[Stored data]
+===+

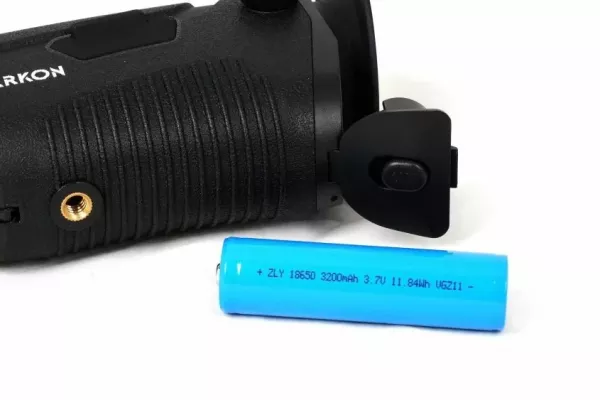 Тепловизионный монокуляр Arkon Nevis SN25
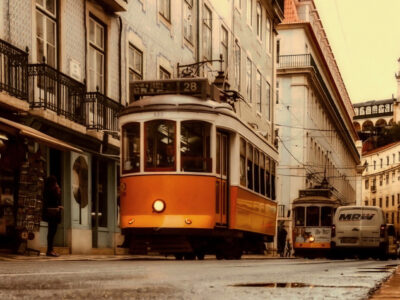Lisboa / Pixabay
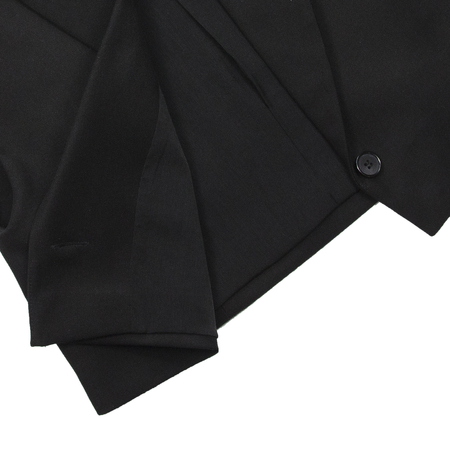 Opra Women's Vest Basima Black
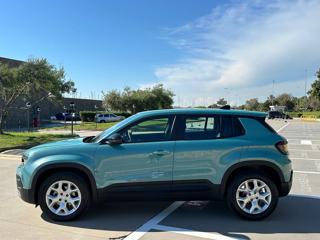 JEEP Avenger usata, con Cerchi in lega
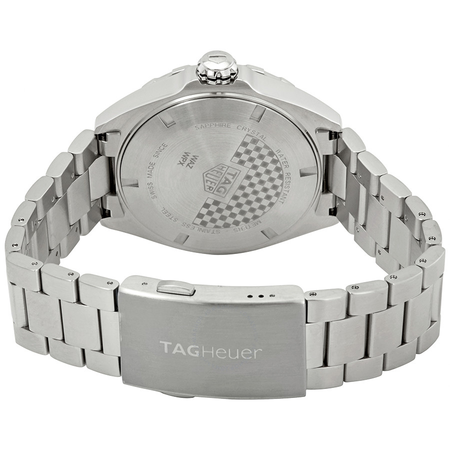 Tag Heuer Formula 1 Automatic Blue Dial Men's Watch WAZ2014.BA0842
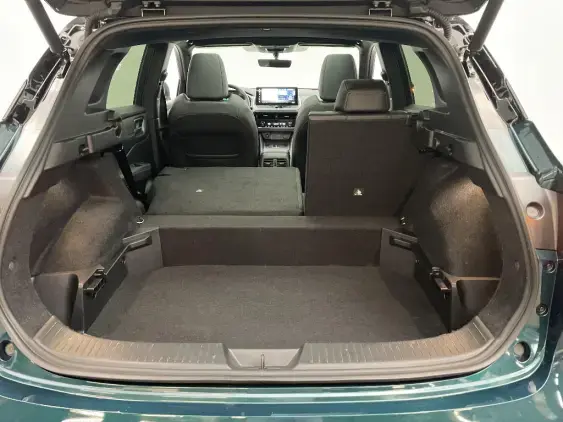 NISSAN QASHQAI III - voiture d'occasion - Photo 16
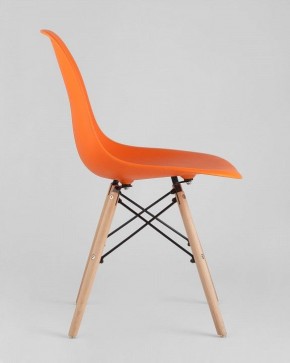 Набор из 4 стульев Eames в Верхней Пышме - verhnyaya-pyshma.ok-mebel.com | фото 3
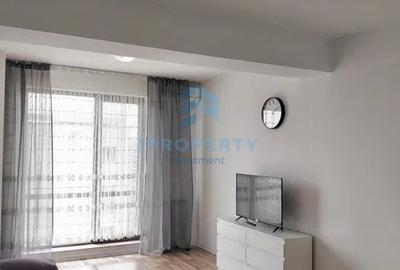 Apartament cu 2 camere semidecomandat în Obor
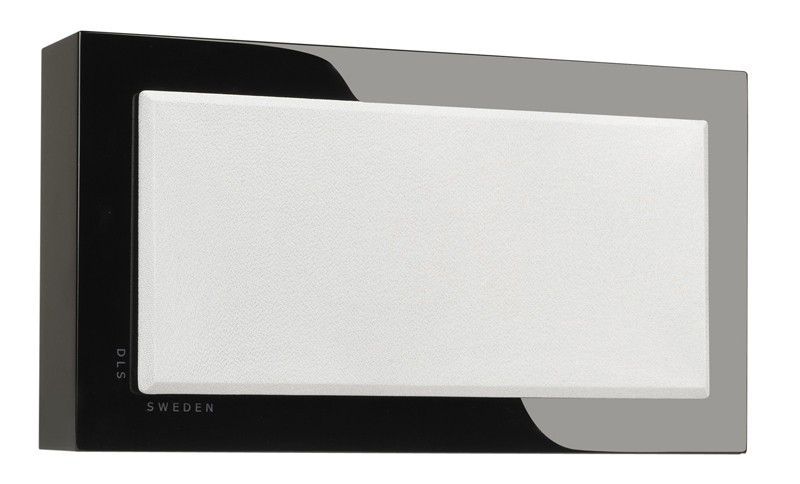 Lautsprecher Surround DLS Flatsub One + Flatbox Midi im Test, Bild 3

+===+

Copy back exactly the lines above from the one containing "Lisboa / Pixabay" through the one containing "Apartament cu 2", and leave every picture behind.

• **Answer to this exercise**:
Lisboa / Pixabay
 Opra Women's Vest Basima Black
 JEEP Avenger usata, con Cerchi in lega
 Tag Heuer Formula 1 Automatic Blue Dial Men's Watch WAZ2014.BA0842
 NISSAN QASHQAI III - voiture d'occasion - Photo 16
 Набор из 4 стульев Eames в Верхней Пышме - verhnyaya-pyshma.ok-mebel.com | фото 3
 Apartament cu 2 camere semidecomandat în Obor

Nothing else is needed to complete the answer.